Sofiya Ballin was one of the two 2015 Penny Bender Fuchs diversity fellows.
I started the SFJ fellowship with my mind on two of the largest reporting weekends on the horizon: Made In America and the Pope’s visit to Philadelphia.
I was feeling very journo’d out and I left full of fresh ideas for how I would contribute to the coverage. Meeting and sharing stories and ideas with reporters and editors across the country was exhilarating.
Though I’ve been at the Philadelphia Inquirer for almost a year, during the conference I was able to better understand what goes into producing the paper. More importantly, I understand better the challenges in our industry that go far beyond reporting stories.
Touring the Washington Post, listening to Pulitzer Prize winning journalists, and observing Michael Cavna and others share showed me how there’s no one way to tell a story and engage audiences. And that when it comes to the future of journalism, the pathway has to be filled with creativity, courage and many entry points.
Congratulations to the 2015 Penny Bender Fuchs Diversity Fellows!
They were chosen on the basis of experience, multimedia and writing skills and what they could learn and give back to SFJ.
Sofiya Ballin is a features reporter for the Philadelphia Inquirer. She began her writing career at 17, crafting personal stories about growing up natural for natural hair website, The Coil Review, which ended after 7 years.
An award-winning journalist at Temple University, she also reported and edited for JUMP Philly music magazine, contributed pieces to Ebony.com, became a blogger for Huffington Post, interned at the Philadelphia Daily News, and freelanced for the Philadelphia Inquirer.
Ballin joined the Inquirer’s features staff in 2014 after graduation. During her short tenure, she has interviewed mainstream artists and introduced readers to up-and-coming talents, written about trends such as cuffing season and the emergence of Black Twitter, covered major news events such as local Ferguson and Baltimore protests, photographed and produced digital fashion features, and contributed opinion pieces that speak to the millennial soul. Ballin aims to humanize all walks of life through mentorship and her work.

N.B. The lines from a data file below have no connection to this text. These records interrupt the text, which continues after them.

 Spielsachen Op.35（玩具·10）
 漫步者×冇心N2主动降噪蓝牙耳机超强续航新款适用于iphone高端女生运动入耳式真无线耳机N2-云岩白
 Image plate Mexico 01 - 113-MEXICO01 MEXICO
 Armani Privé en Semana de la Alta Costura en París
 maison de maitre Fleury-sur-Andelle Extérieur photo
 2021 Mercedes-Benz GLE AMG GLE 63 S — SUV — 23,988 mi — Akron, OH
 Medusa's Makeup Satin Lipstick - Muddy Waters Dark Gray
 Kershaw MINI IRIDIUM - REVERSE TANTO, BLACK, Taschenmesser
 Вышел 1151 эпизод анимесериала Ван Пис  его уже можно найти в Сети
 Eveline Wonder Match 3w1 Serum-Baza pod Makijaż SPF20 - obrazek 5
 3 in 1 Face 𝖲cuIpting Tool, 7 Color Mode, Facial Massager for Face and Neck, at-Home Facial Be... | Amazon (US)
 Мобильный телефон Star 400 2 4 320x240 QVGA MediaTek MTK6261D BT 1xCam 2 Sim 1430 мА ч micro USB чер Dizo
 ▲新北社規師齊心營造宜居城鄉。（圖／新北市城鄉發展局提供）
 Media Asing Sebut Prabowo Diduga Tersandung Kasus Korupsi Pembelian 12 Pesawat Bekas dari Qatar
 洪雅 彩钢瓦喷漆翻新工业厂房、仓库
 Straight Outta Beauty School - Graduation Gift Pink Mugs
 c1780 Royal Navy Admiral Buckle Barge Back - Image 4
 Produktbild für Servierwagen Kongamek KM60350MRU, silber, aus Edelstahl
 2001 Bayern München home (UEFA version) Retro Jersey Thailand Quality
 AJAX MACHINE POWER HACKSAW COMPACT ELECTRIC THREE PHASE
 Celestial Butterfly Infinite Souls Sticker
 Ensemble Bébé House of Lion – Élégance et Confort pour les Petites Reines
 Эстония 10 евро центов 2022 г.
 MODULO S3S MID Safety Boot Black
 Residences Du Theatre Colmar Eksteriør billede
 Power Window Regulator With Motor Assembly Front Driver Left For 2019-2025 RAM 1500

Ada Tseng is a writer and editor based in Southern California, and for the last decade, she’s covered pan-Asian arts and entertainment for Asia Pacific Arts, Audrey Magazine, XFINITY Asia, KoreAm Journal, LA Weekly and more. She hosts a podcast called Bullet Train where she turns silly episodes (about Japanese romance simulation games and “American Ninja Warrior,” for example) into serious explorations (of love and remakes, respectively). She has a series called “Haikus with Hotties.” She studied at UCLA and received her MFA in Writing and Literature at the Bennington Writings Seminars. And she loves writing long feature stories on topics that aren’t being covered in the mainstream media.